Yeah every commit goes to leader logs first before being replicated in our implementation. It's technically possible in Raft to write the leader's log in parallel with replication - this is an optimization detailed in Diego's full Raft thesis (section 10.2.1). but to implement it would mean major changes to this library. It's something that while I'd personally be interested in doing it, I don't think it's enough of a pain point for our internal use-cases to warrant the large engineering effort it will take to test and be confident in a major change to our raft lib!

Etcd's raft library IIRC can make use of that optization so that might be a consideration.

All that said, if you don't fsync every log write then the correctness of Raft is much harder to reason about. All of the formal proofs of raft's correctness and all of the recovery procedures are based on the assumption that disk writes once confirmed are never lost.

Depending on how important your data is, you might be OK with occasional data loss.

In other words, there is no correct (in the sense of linearizable under all situations) way to use this library without Fsync on every single LogStore append. If you choose to anyway for performance reasons that may be suitable but it goes against all the design assumptions in the protocol and library so you will have to do a lot of reasoning for yourself to understand the risks and failure modes involved!

There are notable users of Raft (though not this lib I don't think) that choose not to fsync and instead rely on replication to mask failures. Nats.io's Jetstream does this as far as I can tell for example. But I've never seen a rigorous analysis of the correctness of doing so - it's certainly outside of what the Raft thesis assumes!

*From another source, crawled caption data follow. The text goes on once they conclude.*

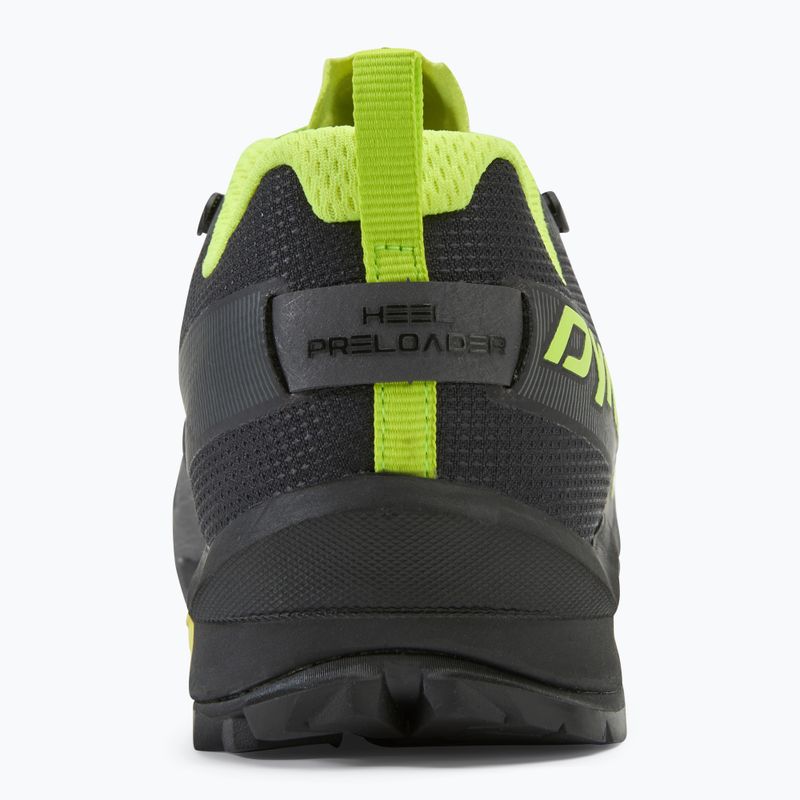 Buty podejściowe męskie DYNAFIT Transalper magnet/black out 6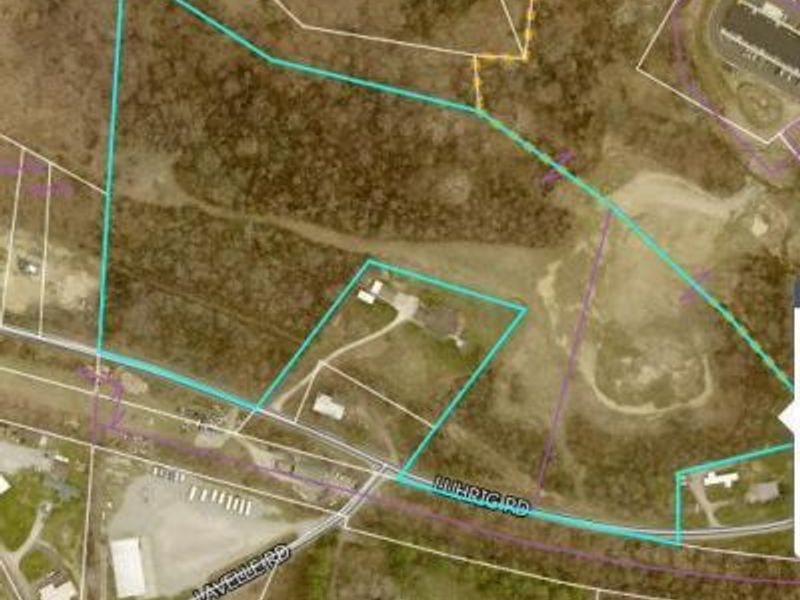 0 Luhrig Road , Athens, OH 45701 Photo 1
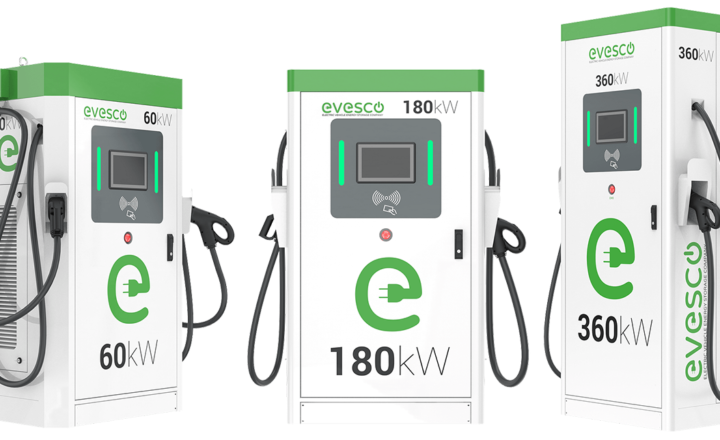 Fast Charging Explained: How New Technology is Reducing EV Charging Times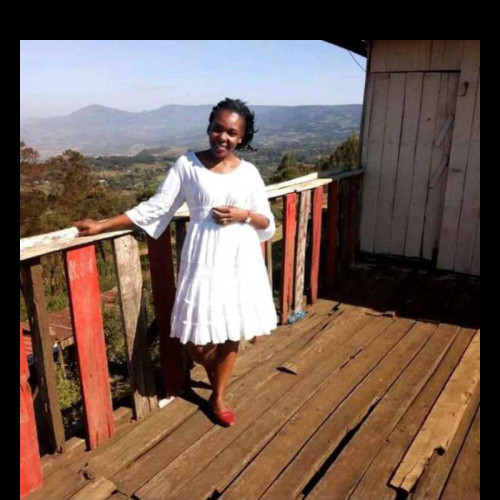 Miriam N. profile photo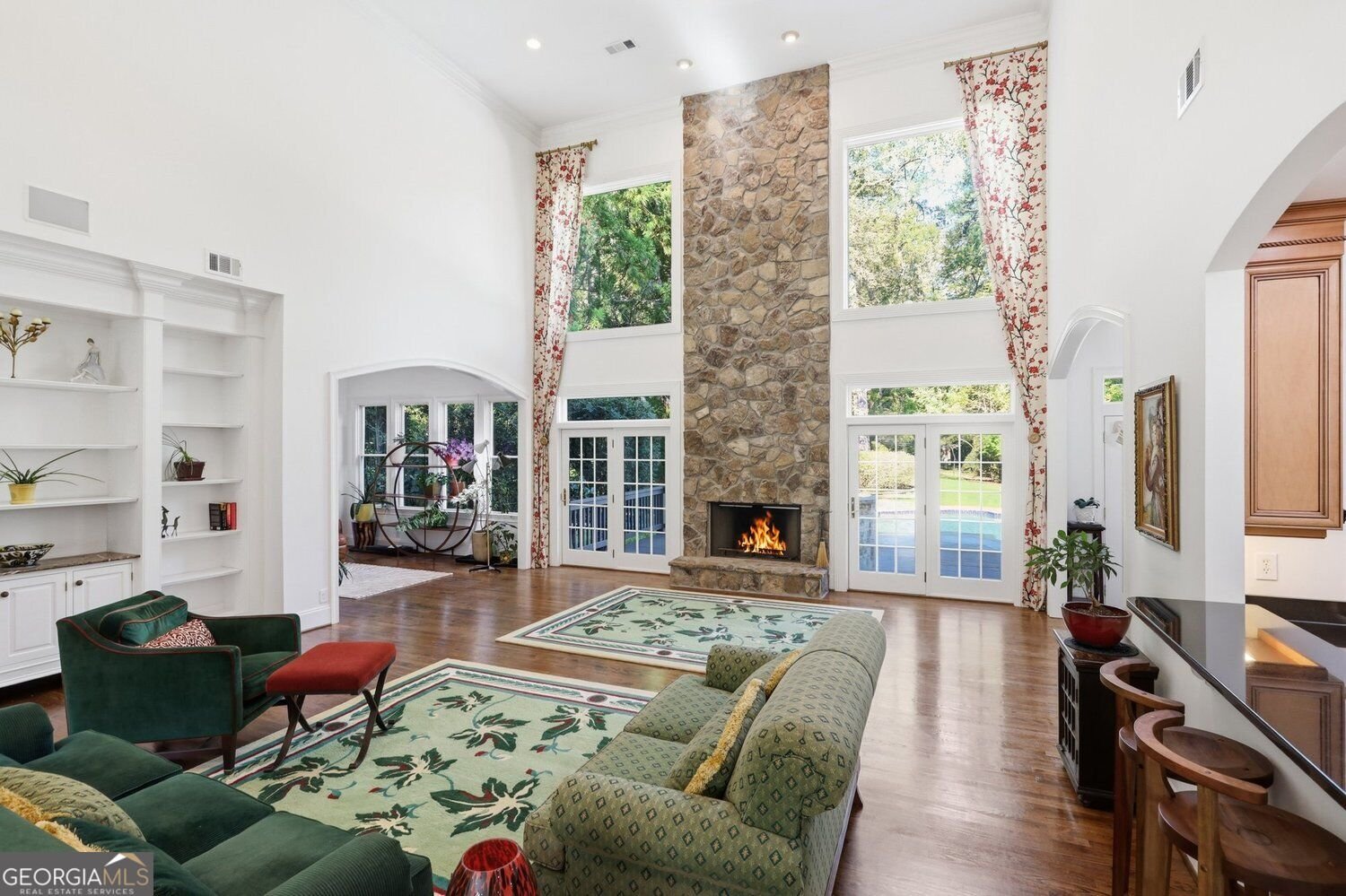 265 Pineland Road Atlanta - Photo 11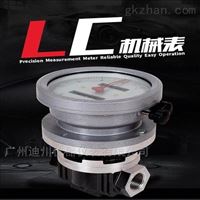 重油橢圓齒(chi)輪流量計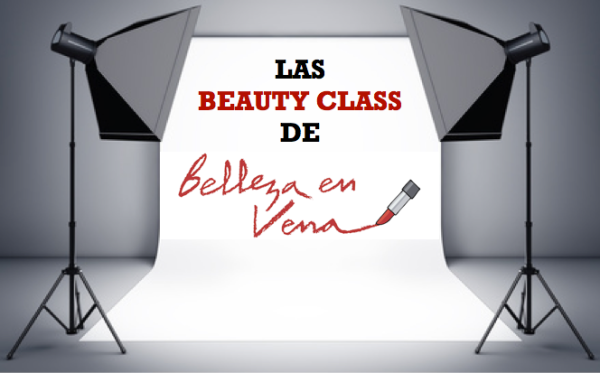 BEAUTY CLASS BELLEZA EN VENA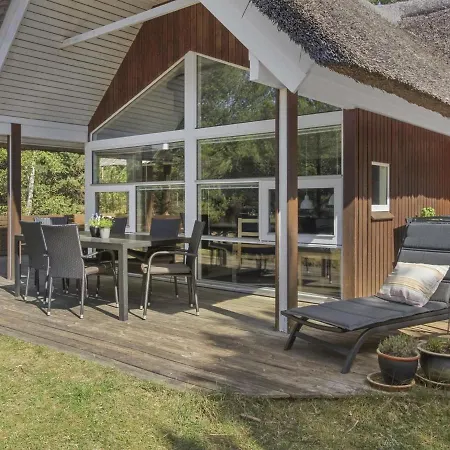 Karri - 1-1km From The Sea In Western Jutland By Interhome Holiday home Molby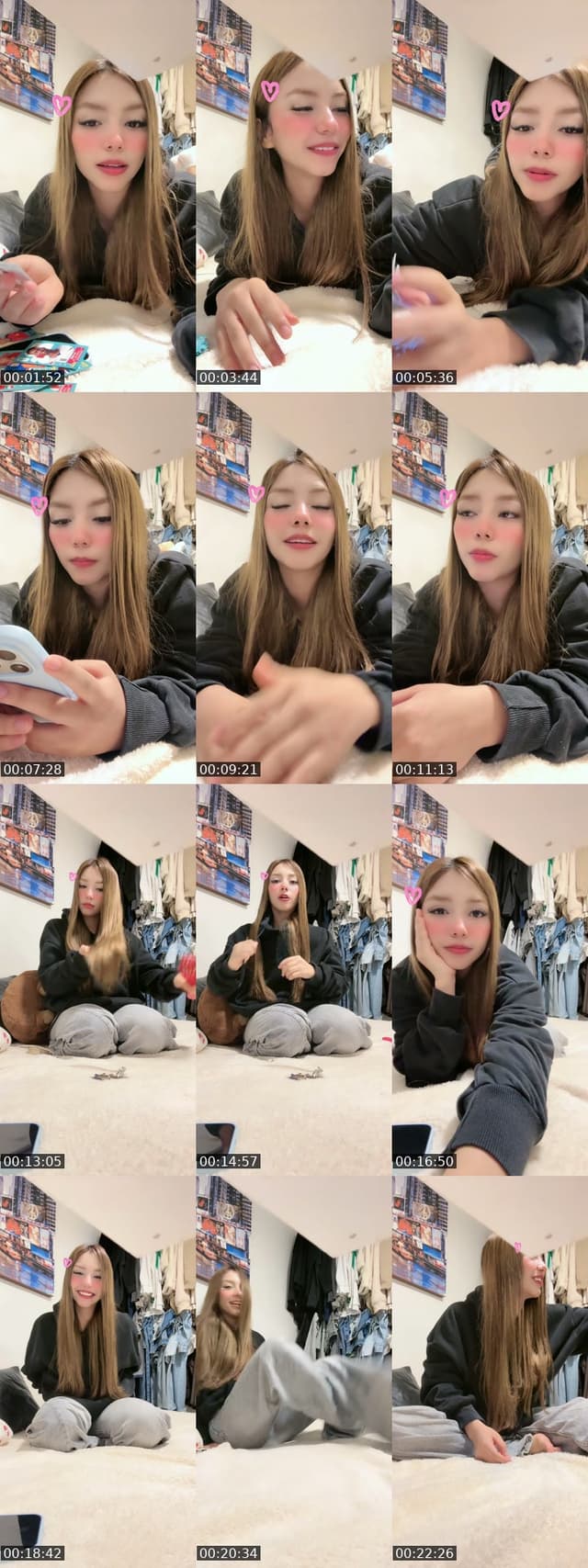 @genexisc0 TikTok live from 2026-05-24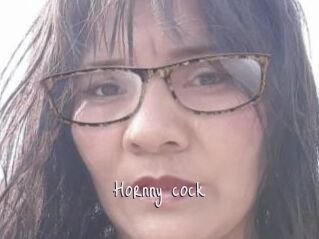 Hornny_cock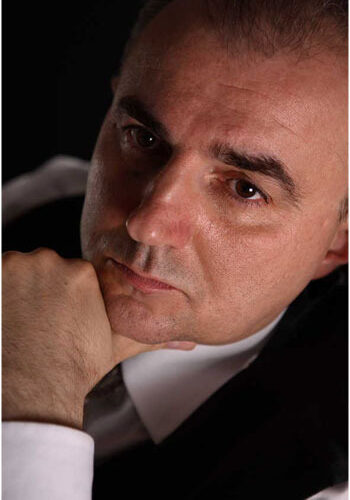 Goran Skrobonja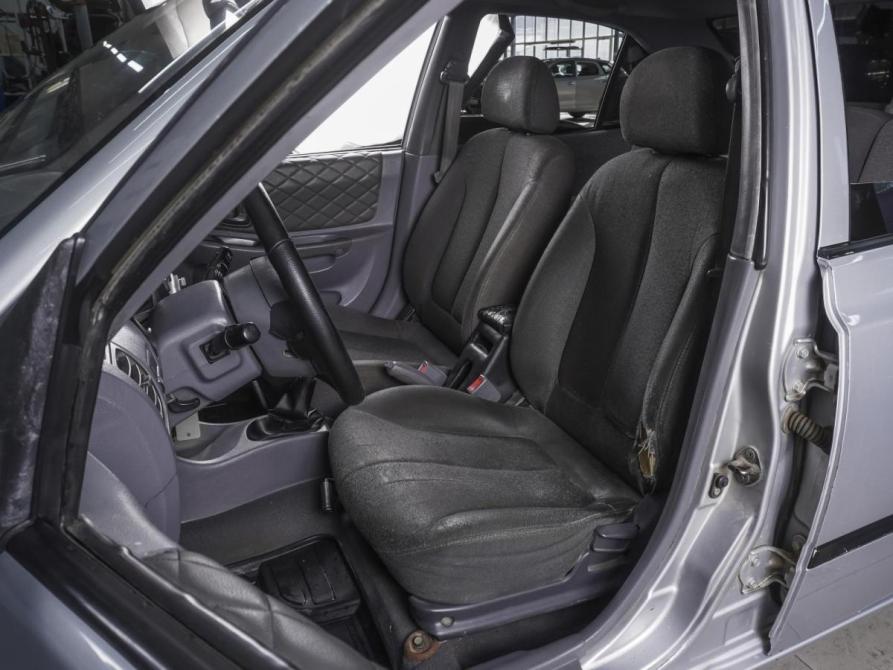 Hyundai Accent II Ростов-на-Дону  - изображение 10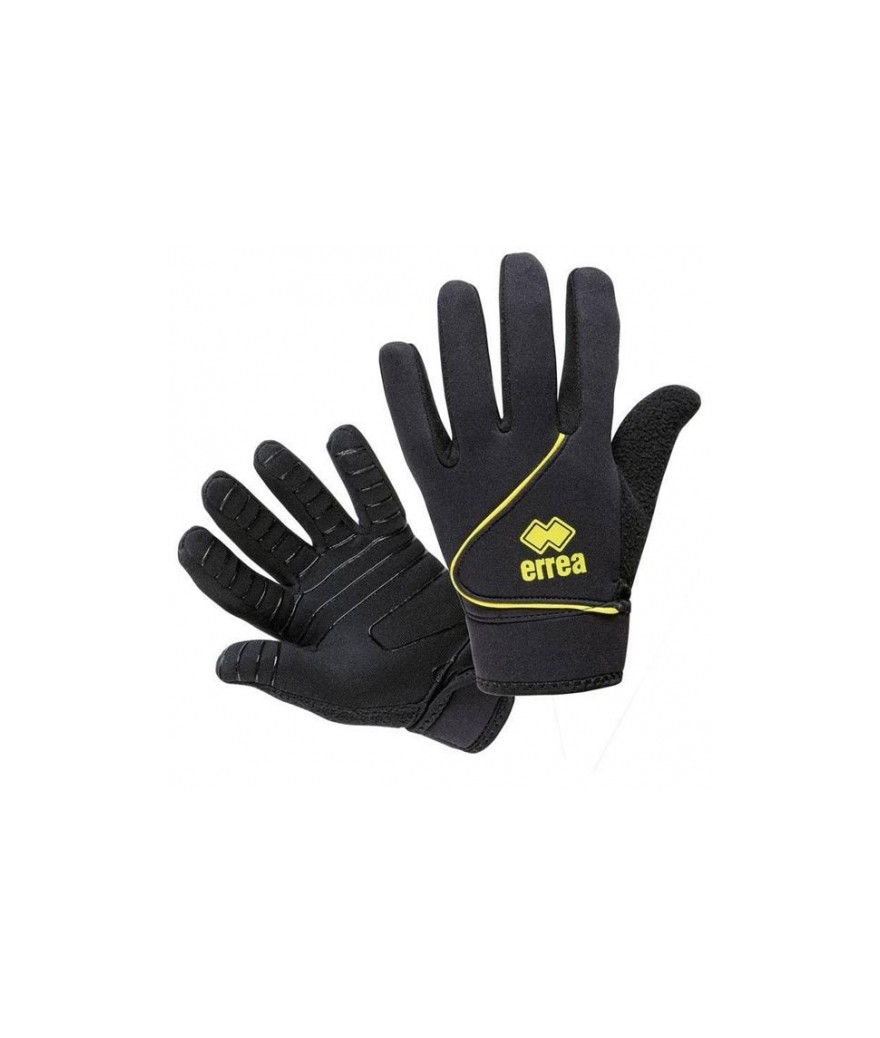 GUANTI STEEL JR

Another option to look at: TiKV implemented a feature in their raft version (in Rust) that allows all servers to delay fsyncing for some amount of time to amortize the cost. From a quick look it seems like they modified the protocol so the leader tracks which entries are actually synched though which seems like a big departure from raft to me (though I didn't look in detail). I've considered a similar oprimization in this library before where the LogStore interface instead returns a future which is only completed after next fsync so we can continue with replication with fsync but we can still wait and be sure about fsync when deciding that an entry is comitted preserving safety. But as mentioned it would be a complex change with lots or risk due to subtly changing the assumptions through the system!

@banks thanks for the detailed explanation. We were seeing some notable performance improvement in the changes we made , but unsure about the risk induced. (To clarify: we changed so Leader doesn't do fsync , only followers do) and it brings about 10%-15% latency gain

My question is, what is the best way for us to evaluate the risk introduced? is there some automated test/process we could run to check if we will see any data loss with this change?

banks commented

what is the best way for us to evaluate the risk introduced?

That's quite hard to answer! As far as I know Raft has only been proven correct assuming every log append is actually persisted on disk. It is only specified for a model where a node that has crashed and restarted comes back with either all the state it has previously acknowledged or none at all (and so is the same as adding a brand new node to the cluster).

To evaluate the possible outcomes of changing one of those fundamental assumptions requires very careful analysis and testing. Depending on the level of confidence you need, you might want to re-model in TLA+ to explore the full space of outcomes that might arise. You may wish to do Jepsen style "chaos" testing where you run simulated workloads with lots of node failures that loose disk etc.

Or you can choose to say "seems fine, the chance of a crash that looses unsynced data is low enough we'll just wait and see and recover from a backup if we really need to". It really depends on the criticality of your system 😄!

FWIW not fsyncing logs is less obviously bad than non fsyncing the Stable store where term/vote information is stored. If that is still calling fsync then at least you don't have trivial split brain issues where multiple nodes can be elected leader in the same term etc.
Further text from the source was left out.